So in a nutshell, I was incredibly late to get my son; in fact, I should have already been at the school but was instead standing in my driveway. I put out many, varied fires…but my lonely son really needed me! And as a final driving incentive, the wonderful lady who took my other kids needed to be OTD to get her son from preschool in about the time it would take me to return home with my middle child. I. had. to. leave. .
On the outside, I looked pretty together. On the inside, I was a wreck. A culmination of events outside my control conspired against the simple act of my driving to school. My brain whirled as I took off into town, a tad bit fast for the curves and grade of the road. And then, finally, somehow, Art’s words seeped into my brain:
Things turn out best
for those who make the best
of the way things turn out.
It was like a natural mind/body relaxant. I felt the absurdity of the last half hour dissipate. Gone. I couldn’t have predicted the odd chain of events but I had taken care of it without losing it: our neighbor girl felt better, my son found relief and the strange woman went away happy. My kiddo at the school would be there when I arrived, maybe even playing with some of the other children who also missed the bus for the same reasons. In short, I felt better. Calm. Totally Zen. IT WOULD ALL BE OK. Everything would turn out for the best.

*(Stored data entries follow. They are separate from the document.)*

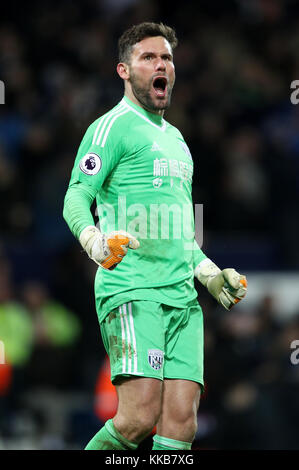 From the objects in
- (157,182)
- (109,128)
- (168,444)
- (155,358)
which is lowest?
(168,444)

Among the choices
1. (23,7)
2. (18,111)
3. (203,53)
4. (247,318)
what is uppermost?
(23,7)

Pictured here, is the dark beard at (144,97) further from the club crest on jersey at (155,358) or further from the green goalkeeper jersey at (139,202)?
the club crest on jersey at (155,358)

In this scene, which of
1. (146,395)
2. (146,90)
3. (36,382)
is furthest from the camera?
(36,382)

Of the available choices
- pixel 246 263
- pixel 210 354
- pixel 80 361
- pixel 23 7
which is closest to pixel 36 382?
pixel 80 361

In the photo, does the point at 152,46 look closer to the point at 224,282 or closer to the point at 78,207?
the point at 78,207

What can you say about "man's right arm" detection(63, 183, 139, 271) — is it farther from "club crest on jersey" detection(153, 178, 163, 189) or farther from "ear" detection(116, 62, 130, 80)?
"ear" detection(116, 62, 130, 80)

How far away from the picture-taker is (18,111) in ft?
35.7

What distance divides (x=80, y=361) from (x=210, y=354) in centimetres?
157

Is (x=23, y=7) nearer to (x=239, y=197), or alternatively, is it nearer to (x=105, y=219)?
(x=239, y=197)

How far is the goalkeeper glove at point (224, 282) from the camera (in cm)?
472

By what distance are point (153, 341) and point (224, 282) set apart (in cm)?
55

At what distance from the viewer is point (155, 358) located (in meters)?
4.52

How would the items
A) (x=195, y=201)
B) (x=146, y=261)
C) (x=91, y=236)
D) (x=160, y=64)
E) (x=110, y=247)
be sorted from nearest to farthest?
1. (x=110, y=247)
2. (x=91, y=236)
3. (x=146, y=261)
4. (x=160, y=64)
5. (x=195, y=201)

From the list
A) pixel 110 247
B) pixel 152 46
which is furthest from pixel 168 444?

And it did, better than best, really. Perfectly. Will was sitting in the still-lit and unlocked school office. I arrived home to get his sibs so the other mom could pick up her own son. If I hadn’t kept my head (barely) and more importantly, hadn’t remembered Mr. Linkletter’s wisdom, I may have had a car accident. Talk about things not turning out for the best.
And the icing on the cake? I scored another blog post.